1. Juni 2026 aktualisiert von: Dasman Diabetes Institute

Tirzepatide Titration to Reduce Side Effects (TiTRE) in Individuals With Obesity

The goal of this clinical trial is to determine whether a flexible, symptom-guided titration strategy for tirzepatide can reduce gastrointestinal side effects while maintaining weight-loss effectiveness in adults with obesity without diabetes. The main questions it aims to answer are:

  1. Does flexible, symptom-guided titration reduce nausea and vomiting compared with standard per-label titration?
  2. Does flexible titration achieve weight loss comparable to standard titration?

Researchers will compare standard per-label titration with a click-based, symptom-guided titration approach to assess differences in tolerability and treatment effectiveness.

Participants will:

  • Be randomly assigned to standard or flexible tirzepatide titration
  • Use a click-based dosing method that allows small dose increases based on tolerability (flexible group)
  • Attend study visits over 76 weeks for safety and outcome assessments

This study addresses the lack of evidence for individualized titration strategies in obesity treatment and aims to improve tolerability, adherence, and long-term treatment outcomes.

Studienübersicht

Detaillierte Beschreibung

Tirzepatide is an effective treatment for obesity, but gastrointestinal adverse events during dose escalation may limit tolerability and adherence. Current labeling recommends a fixed titration schedule that does not account for individual differences in symptom tolerance. Evidence supporting individualized titration strategies in obesity treatment remains limited.

This randomized clinical trial aims to evaluate whether a flexible, symptom-guided titration strategy for tirzepatide can reduce gastrointestinal side effects while maintaining weight-loss effectiveness in adults with obesity without diabetes.
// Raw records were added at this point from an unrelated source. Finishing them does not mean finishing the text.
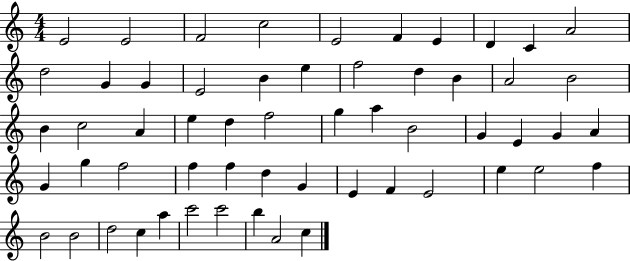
{
  \clef treble
  \numericTimeSignature
  \time 4/4
  \key c \major
  e'2 e'2 | f'2 c''2 | e'2 f'4 e'4 | d'4 c'4 a'2 | \break d''2 g'4 g'4 | e'2 b'4 e''4 | f''2 d''4 b'4 | a'2 b'2 | \break b'4 c''2 a'4 | e''4 d''4 f''2 | g''4 a''4 b'2 | g'4 e'4 g'4 a'4 | \break g'4 g''4 f''2 | f''4 f''4 d''4 g'4 | e'4 f'4 e'2 | e''4 e''2 f''4 | \break b'2 b'2 | d''2 c''4 a''4 | c'''2 c'''2 | b''4 a'2 c''4 | \break \bar "|."
}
Participants will be randomly assigned to either standard per-label titration or a flexible, click-based titration approach that allows smaller dose increments based on individual tolerability.

Participants in the standard group will follow the approved fixed dose-escalation schedule, while participants in the flexible group will advance doses according to gastrointestinal symptom severity, with the goal of minimizing nausea and vomiting. All participants will attend study visits over 76 weeks for assessment of weight change, tolerability, safety, and treatment adherence.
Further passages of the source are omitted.